Oh, I'm sure I've got a few...
Rail fares should always be less than the cost of driving. (Note: the cost of driving === the cost of the fuel used for the journey. This shouldn't need saying, since it is dead obvious when you actually do the journey and look at what you actually spend, but unfortunately far too many people insist on arguing otherwise by spuriously including money you spend at other times, which is irrelevant; pretending you pay twice for buying the car in the first place and adding a portion of that on as well, which is silly; and other made-up accountants' rubbish which does not exist in the real world. People who make such arguments should be nailed to the sleepers and left there for a week.) The cost of a rail fare should be calculated by measuring the great-circle distance from A to B, calculating how much the petrol/diesel would cost to cover that distance according to the average of the mpg of the most frugal cars from the top five manufacturers (or something along those lines, you get the idea), and then knocking 10% off for luck.

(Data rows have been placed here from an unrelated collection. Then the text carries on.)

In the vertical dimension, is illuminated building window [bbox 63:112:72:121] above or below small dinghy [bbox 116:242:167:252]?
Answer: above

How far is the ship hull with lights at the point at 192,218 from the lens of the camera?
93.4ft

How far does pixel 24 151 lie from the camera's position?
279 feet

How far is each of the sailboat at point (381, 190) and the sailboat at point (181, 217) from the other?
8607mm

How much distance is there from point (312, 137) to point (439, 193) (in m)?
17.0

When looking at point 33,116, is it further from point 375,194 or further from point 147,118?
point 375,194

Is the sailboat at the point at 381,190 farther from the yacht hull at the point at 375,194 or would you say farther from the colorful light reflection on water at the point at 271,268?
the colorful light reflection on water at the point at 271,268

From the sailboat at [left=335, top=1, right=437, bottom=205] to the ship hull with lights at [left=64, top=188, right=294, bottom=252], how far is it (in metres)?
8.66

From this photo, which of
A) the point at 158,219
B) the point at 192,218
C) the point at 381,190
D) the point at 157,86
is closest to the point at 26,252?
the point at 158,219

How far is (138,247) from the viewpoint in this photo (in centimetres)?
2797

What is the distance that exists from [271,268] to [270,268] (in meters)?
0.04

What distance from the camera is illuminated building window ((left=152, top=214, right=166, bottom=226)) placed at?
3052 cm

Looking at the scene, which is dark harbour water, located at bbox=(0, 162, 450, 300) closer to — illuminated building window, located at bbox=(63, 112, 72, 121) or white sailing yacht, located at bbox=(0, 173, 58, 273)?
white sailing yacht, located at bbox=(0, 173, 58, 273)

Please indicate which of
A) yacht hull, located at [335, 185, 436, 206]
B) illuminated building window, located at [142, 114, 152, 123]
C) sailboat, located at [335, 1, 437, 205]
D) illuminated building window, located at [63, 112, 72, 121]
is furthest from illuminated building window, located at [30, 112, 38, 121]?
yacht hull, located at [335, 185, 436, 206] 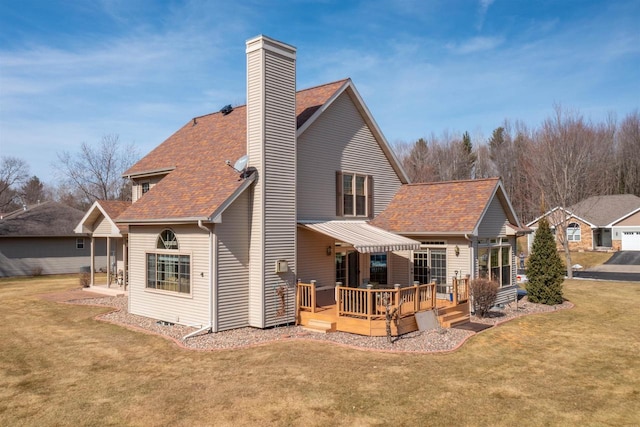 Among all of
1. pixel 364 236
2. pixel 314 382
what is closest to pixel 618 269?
pixel 364 236

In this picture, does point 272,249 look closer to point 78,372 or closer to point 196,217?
point 196,217

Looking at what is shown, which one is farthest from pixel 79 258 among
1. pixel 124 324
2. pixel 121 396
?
pixel 121 396

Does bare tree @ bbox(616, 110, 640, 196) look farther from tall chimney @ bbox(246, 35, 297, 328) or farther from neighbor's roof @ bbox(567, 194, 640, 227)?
tall chimney @ bbox(246, 35, 297, 328)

The fare calculated by the above method is to be the only fare for the journey. Stuff all this nonsense of booking in advance, different fares at different times of day, and all that. Variation in demand with time should be handled by increasing the length/frequency of trains at times of high demand. (Yes, this means that the stock will be sitting in sidings at times of low demand. No, this doesn't matter. It does not cost money to not run stock, it only costs money when it's accumulating miles. Accountants' arguments to the contrary are based on an inability to tell the difference between zero and a negative number, and on making up costs that don't exist; anyone making such arguments should be nailed to the sleepers and left there for a week.)

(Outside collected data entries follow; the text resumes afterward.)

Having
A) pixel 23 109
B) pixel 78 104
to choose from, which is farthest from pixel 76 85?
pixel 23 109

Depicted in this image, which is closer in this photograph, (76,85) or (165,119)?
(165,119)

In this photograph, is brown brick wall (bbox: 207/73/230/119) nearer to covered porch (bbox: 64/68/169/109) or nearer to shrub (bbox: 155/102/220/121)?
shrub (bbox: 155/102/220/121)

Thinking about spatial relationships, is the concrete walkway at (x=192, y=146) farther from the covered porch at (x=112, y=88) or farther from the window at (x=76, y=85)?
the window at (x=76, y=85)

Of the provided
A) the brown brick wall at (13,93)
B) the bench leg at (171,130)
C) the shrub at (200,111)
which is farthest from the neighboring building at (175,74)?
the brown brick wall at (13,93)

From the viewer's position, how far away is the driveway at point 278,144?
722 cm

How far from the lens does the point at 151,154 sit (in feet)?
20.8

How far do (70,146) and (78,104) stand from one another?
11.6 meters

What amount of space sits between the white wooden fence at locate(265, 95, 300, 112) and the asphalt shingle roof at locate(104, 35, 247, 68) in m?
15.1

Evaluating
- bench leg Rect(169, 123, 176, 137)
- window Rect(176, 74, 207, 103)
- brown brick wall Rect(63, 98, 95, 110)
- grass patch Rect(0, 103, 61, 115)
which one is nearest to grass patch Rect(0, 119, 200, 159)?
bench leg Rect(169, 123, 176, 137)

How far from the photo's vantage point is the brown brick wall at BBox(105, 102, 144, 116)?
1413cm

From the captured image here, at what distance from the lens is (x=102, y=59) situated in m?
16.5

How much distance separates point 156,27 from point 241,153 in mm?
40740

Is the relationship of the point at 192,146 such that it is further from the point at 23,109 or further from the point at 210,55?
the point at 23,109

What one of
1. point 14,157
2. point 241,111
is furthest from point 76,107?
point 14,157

Railways should not be operated to make a profit, any more than roads are. They should be paid for out of the general tax pot, like the roads are. (Note: car tax, fuel tax etc. do not go into a separate "roads" pot, they go into the same general pot as everything else.)
Graffiti on trains should be encouraged because it saves the railways having to paint the trains themselves. (Just make sure that it doesn't cover the windows.)

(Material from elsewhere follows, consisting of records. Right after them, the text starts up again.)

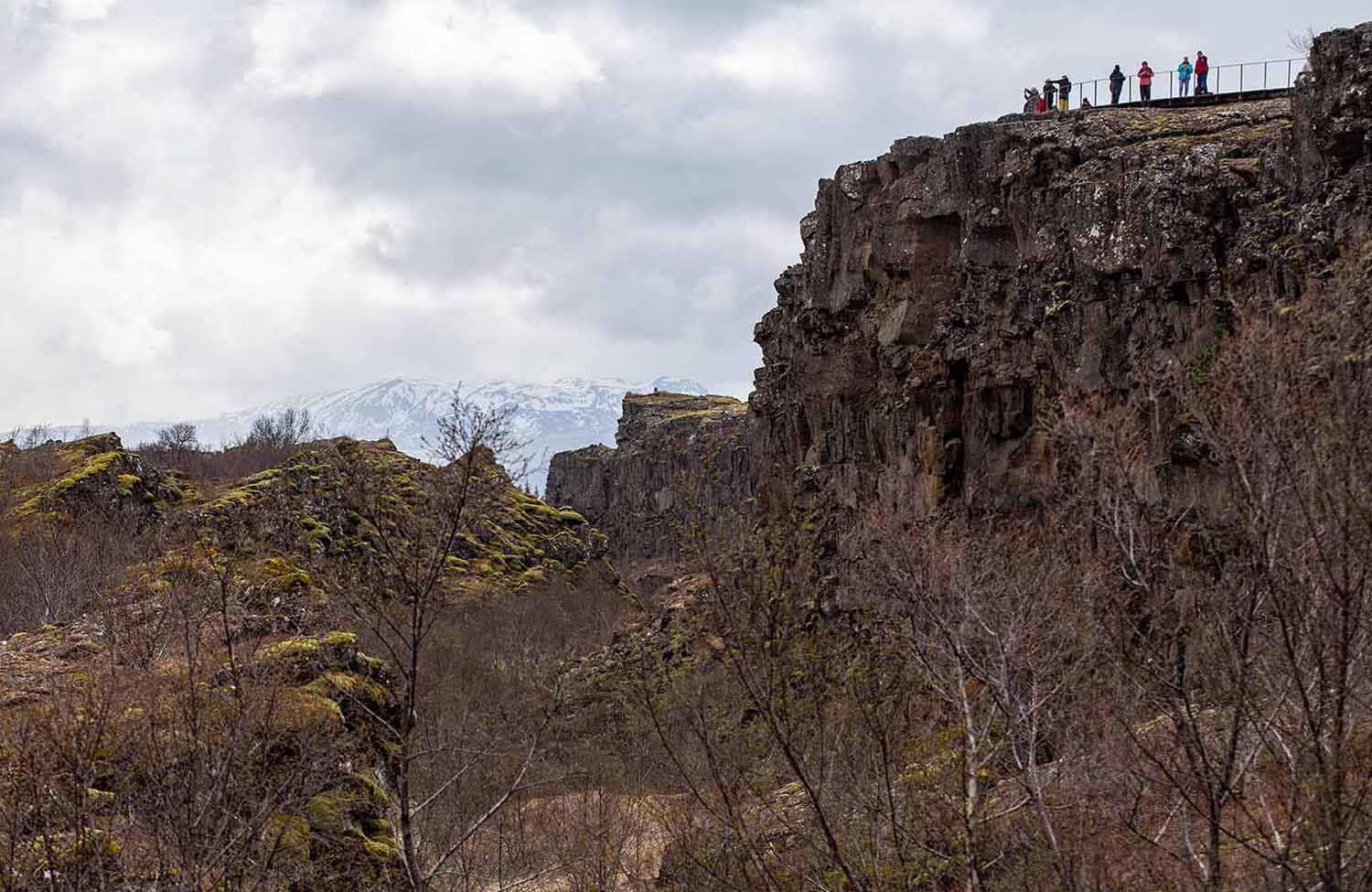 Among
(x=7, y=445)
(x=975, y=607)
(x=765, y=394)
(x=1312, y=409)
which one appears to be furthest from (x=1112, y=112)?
(x=7, y=445)

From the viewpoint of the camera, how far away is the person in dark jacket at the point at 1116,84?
47000 millimetres

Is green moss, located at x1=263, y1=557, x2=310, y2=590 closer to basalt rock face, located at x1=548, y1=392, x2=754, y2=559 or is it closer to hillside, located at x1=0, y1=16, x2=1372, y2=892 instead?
hillside, located at x1=0, y1=16, x2=1372, y2=892

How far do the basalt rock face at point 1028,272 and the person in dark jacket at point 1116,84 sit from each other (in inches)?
99.8

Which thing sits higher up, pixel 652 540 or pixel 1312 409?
pixel 1312 409

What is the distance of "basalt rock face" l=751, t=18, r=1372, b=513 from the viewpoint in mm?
32281

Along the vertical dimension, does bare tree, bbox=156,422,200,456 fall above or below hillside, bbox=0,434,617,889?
above

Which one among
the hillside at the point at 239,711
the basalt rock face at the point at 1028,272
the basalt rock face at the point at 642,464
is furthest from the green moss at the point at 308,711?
the basalt rock face at the point at 642,464

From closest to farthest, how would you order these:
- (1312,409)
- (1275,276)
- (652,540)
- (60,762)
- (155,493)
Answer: (1312,409) → (60,762) → (1275,276) → (155,493) → (652,540)

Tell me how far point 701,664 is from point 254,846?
7.16m

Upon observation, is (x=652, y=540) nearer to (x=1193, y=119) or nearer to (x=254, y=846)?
(x=1193, y=119)

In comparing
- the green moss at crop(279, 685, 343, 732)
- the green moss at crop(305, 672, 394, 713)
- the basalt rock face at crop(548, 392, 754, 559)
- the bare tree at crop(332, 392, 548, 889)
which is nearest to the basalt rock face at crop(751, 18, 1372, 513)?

A team of botanists should be tasked with finding plants that improve the characteristics of ballast, and make it last longer, by growing in it, and weed removal should be followed by sowing these plants. This will both reduce the need for track maintenance, and make stations much more pleasant places to wait on because green growing things are so much nicer than arid barren stone and concrete.
All trains should have smoking accommodation. People who don't like smoking can sit in the non-smoking bit like they always used to. And stop prohibiting it on stations, too, it's in the open air for crying out loud.
All routes should be maintained and signalled for the maximum line speed that is possible given the curvature of the formation. No more of this nonsense of trundling along some piece of dead straight track for miles and miles at the speed of continental drift because they can't be bothered to maintain it any better. Junctions and pointwork should be upgraded so they can be traversed without slowing down (within above curvature limits). On major routes any curvature that dictates a speed below 100mph should be eased until that is no longer the case.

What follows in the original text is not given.